Apana ist ein afghanisches Mädchen, das seine Familie verlor und zuletzt Schutz in einem us-amerikanischen Militärcamp findet. Dort hört sie Musik, die Goldberg-Variationen von Bach, Musik, die ihr wie Stimmen aus dem Himmel erscheinen. Tom, ein Seals-Soldat, nimmt sich ihrer an, ist aber genau dann nicht im Camp, als dieses von Taliban beschossen und das Mädchen verschleppt wird. Tom fühlt sich schuldig, eh schon mit viel Blut an seinen Händen und versehrt durch den Tod seiner kleinen Tochter. Während der Soldat Tom auf der einen Seite der Erde im Kampf gegen den Terror wütet, stirbt seine kleine Tochter in den Armen ihrer Mutter an den Folgen des Terrors. Und die Geschichte Jabbars, eines pakistanischen Jungen. Er ist eigentlich Christ, versteckt sich hinter einem muslimischen Namen und lebt zusammen mit seiner Mutter in der Nachbarschaft jenes Scheichs, der in Abbottabad hinter hohen Mauern zum grossen, finalen Schlag gegen die Ungläubigen ausholt. Nach «Geronimo», jener Nacht, die Jabbars Leben urplötzlich in den Brennpunkt lebensgefährlicher Interessen versetzt, verweben und verbrennen sich die vier in der Glut «Geronimos».

Leon de Winter mischt sich ein, hält sich nicht zurück in seinen Ansichten darüber, was die westliche Welt tun müsste, um zu verstehen und die östliche, um sich wirklich zu öffnen, nicht für den Westen, aber für die wirklichen Bedürfnisse des Menschen.
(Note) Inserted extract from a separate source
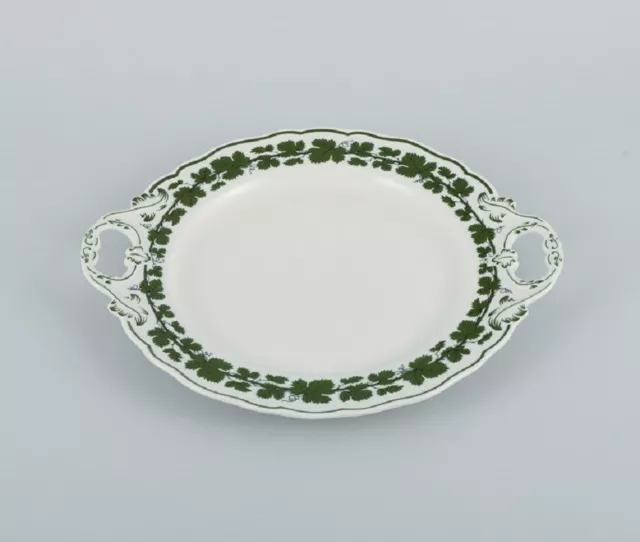 Meissen. Green Ivy Vine Leaf. Round dish with handles in hand-painted porcelain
Vielleicht auch das ein Grund, warum der Autor nicht nur antisemitischen Angriffen des Publizisten und Satirikers Theo van Goghs ausgesetzt war, sondern weil er sich nicht scheut, einen Dialog kontrovers anzuheizen. Gerade als Zeichen persönlicher Freiheit. Im Tagesanzeiger Magazin Nr. 39 schrieb Leon de Winter unter dem Titel Die Israelisierung Europas: «Im Weltbild des Islamisten gibt es immer einen Gegner, einen Widersacher, einen Feind, der besiegt werden muss; ein Kalifat kann nicht anders, als die Herrschaft über alle Muslime anzustreben und wird prinzipiell versuchen, die ganze Welt unterwerfen.»
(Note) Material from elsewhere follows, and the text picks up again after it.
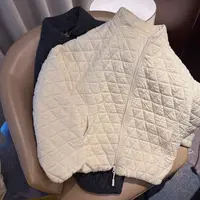 雪姐服饰「小泡芙厚外套」冬季菱格纹立领短款女宽松百搭保暖外套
Nederland, Bloemendaal, 06-06-2002 Schrijver Leon de Winter. Foto Marco Okhuizen / HH (Bildtechnik: sRGB, 11.62 MByte vorhanden)
Leon de Winter.
Foto Marco Okhuizen

Leon de Winter, geboren 1954 in ’s-Hertogenbosch als Sohn niederländischer Juden, begann als Teenager, nach dem Tod seines Vaters, zu schreiben. Er arbeitet seit 1976 als freier Schriftsteller und Filmemacher in Holland und den USA. Seine Romane erzielen nicht nur in den Niederlanden überwältigende Erfolge; einige wurden für Kino und Fernsehen verfilmt, so «Der Himmel von Hollywood» unter der Regie von Sönke Wortmann. Der Roman «SuperTex» wurde verfilmt von Jan Schütte. 2002 erhielt de Winter den Welt-Literaturpreis für sein Gesamtwerk, und 2006 wurde er mit der Buber-Rosenzweig-Medaille ausgezeichnet. Leon de Winter ist verheiratet mit der Schriftstellerin Jessica Durlacher.

Leon de Winter dreht momentan die TV-Serie «Brüssel», das Pendant zum us-amerikanischen «House of Cards».